CORRECTION (PUBLISHED 3 JULY 1993) APPENDED TO THIS ARTICLE

THE CONSERVATIVE Party has received at least pounds 71m in secret donations over the last eight years, according to allegations contained in a Commons motion tabled last night.

The claims coincide with Labour's demand that the pounds 1m it said had been given to the Tories by the businessman Octav Botnar, former chief of Nissan UK, should be returned to the Inland Revenue in view of the warrant for his arrest in connection with a pounds 97m tax swindle.

An Early Day Motion tabled by Peter Hain, Labour MP for Neath, concerns what today's issue of Business Age magazine claims is the first comprehensive list of secret donors to the Conservative Party.

The motion calls on John Major to instigate an immediate independent inquiry and open all party accounts to public scrutiny. It 'notes with alarm . . . that at least pounds 71m worth of undeclared donations have been made to the Tory party over the last eight years and that these sums are tabled in rank order indicating favours bought and influence gained'.

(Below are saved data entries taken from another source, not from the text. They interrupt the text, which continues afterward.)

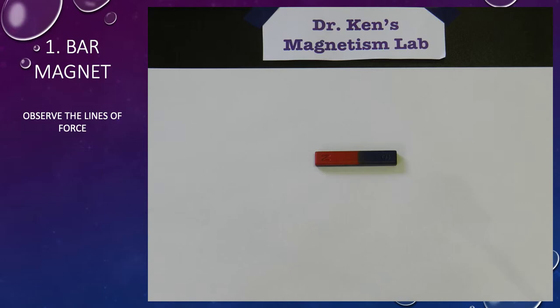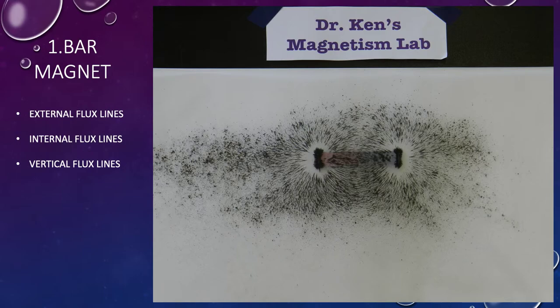The bar magnet is sitting on a piece of white paper to show contrast. I simply put a piece of tracing paper over the top and sprinkle iron dust on it, which makes the lines of flux reasonably obvious. Here's the first one — you can see the lines of magnetic force running from north to south.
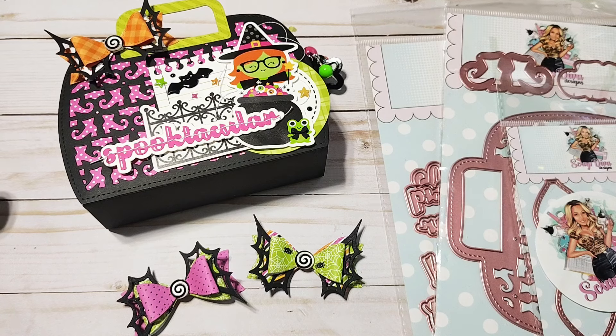Hello! I'm back with another project share and sneaky peek of the new Halloween release that is available at Scrap Diva Designs on September 1st. I am part of the design team and these dies were sent to me for free, and I had so much fun creating these little projects to share with you guys. I've got a few die sets that I'm going to be showcasing today.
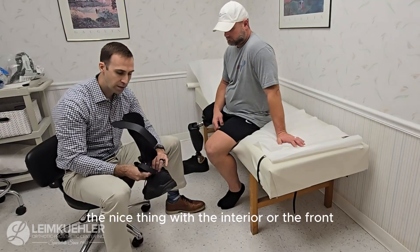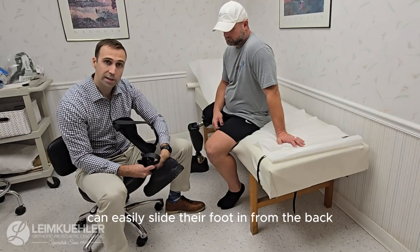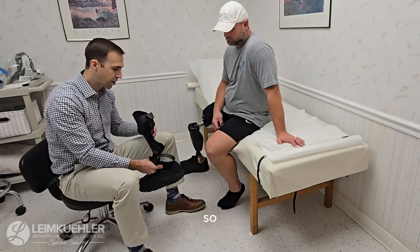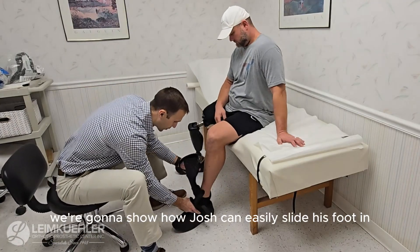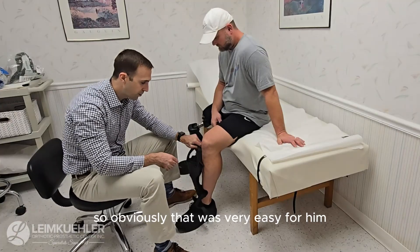As far as putting this on goes, the nice thing with the anterior or front design is the patient can easily slide their foot in from the back. We're going to show how Josh can easily slide his foot in — and obviously that was very easy for him.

It notes 'the degree of involvement made by Conservatives Abroad (the party's expatriate fund-raising body), many of whom are based in tax havens and have contributed an estimated pounds 30m in order to preserve tax breaks unique to the UK which have cost the country up to pounds 49bn in revenue over the last 14 years,' and that Business Age 'believes that persons such as Mohammed al-Fayed, Michael Ashcroft, Wafic Said and Gerald Ronson have used such donations to gain influence with government departments such as the DTI'.

The Tory majority on the Commons Home Affairs Select Committee has set its face against calling Lord McAlpine, the former party treasurer, to give evidence into party political financing. There is only a vague commitment to call on an accountant to explain how companies consult shareholders on party financing.

In stormy exchanges at Prime Minister's questions, John Smith, the Labour leader, said Botnar had given pounds 1m to the Tories while Nissan UK was involved in the country's biggest tax fraud. 'Will you invite the Conservative Party to repay that sum to the Inland Revenue?' he demanded.

Mr Major said he had no idea whether the party had received the money, but that any 'tainted money' would be paid back. Mr Smith said afterwards: 'It is not good enough to say he has no idea. As First Lord of the Treasury he has direct responsibility to the taxpayer.'

CORRECTION

In response to allegations made in Parliament and reported in yesterday's Independent under the headline 'Tory Party has received pounds 71m in secret donations', Gerald Ronson has denied that he has at any time made any donation to either the Conservative Party or to Conservatives Abroad.